An eight-month-old girl was raped a week ago in the Indian capital, Delhi. Earlier, news of rape of three-year-old, somewhere 10 or 11-year-old girls came up in the headlines of that country.
And the number of child rapes that are not in the headlines is many times higher.
In 2016 - in one year, about twenty thousand children or adolescents have been raped in India. That's according to the latest figures from India's National Crime Records Bureau.
But it's not just girls who are being raped or sexually harassed.
The only statistic published nearly 10 years ago showed that more than half of all children sexually abused were boys or adolescents.
But social workers say the published figures on child sexual abuse in India are only a fraction of the total.
Cry, a voluntary organization working for children's rights across the country.
Atindranath Das, its Eastern Director, explained, "The incidence of child sexual abuse has been on the rise for almost a decade. But the number has jumped over the last three years. That doesn't mean it hasn't happened before. But the sudden increase . "

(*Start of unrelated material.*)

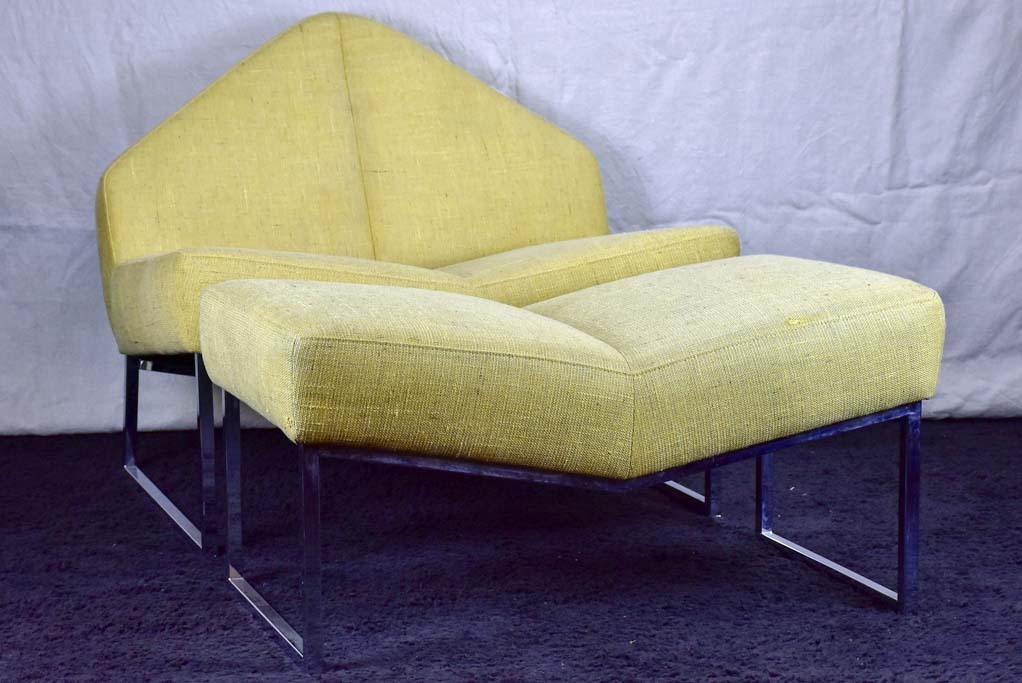 1970's triangular chair with matching ottoman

There have been a number of recent cases of child rape that have caused a stir.
CCTV footage captured the abduction of an eight-year-old girl in the southern Indian state of Karnataka in 2015. Her body was later found, she was raped in silence with a plastic stick in her mouth.
In addition to rape, about 12,000 girls have been sexually abused, and more than 900 girls have been sexually harassed.
Parmita Banerjee, head of Deeksha, a Kolkata-based voluntary organization, said, "Sexual abuse has been going on before, it is still going on. Something - whatever. Before we girls didn't open our mouths - in fear, in shame, but now we're opening our mouths a little bit. "
Professor Shaswati Ghosh, an activist in the women's movement, also said, "Sexual abuse has increased in absolute numbers, but now the issues are coming to the fore. Everyone, from parents to police, is aware of child protection. It says that 'a child can get away with this!' Now that this perception has changed, many are finding the courage to open up about sexual abuse.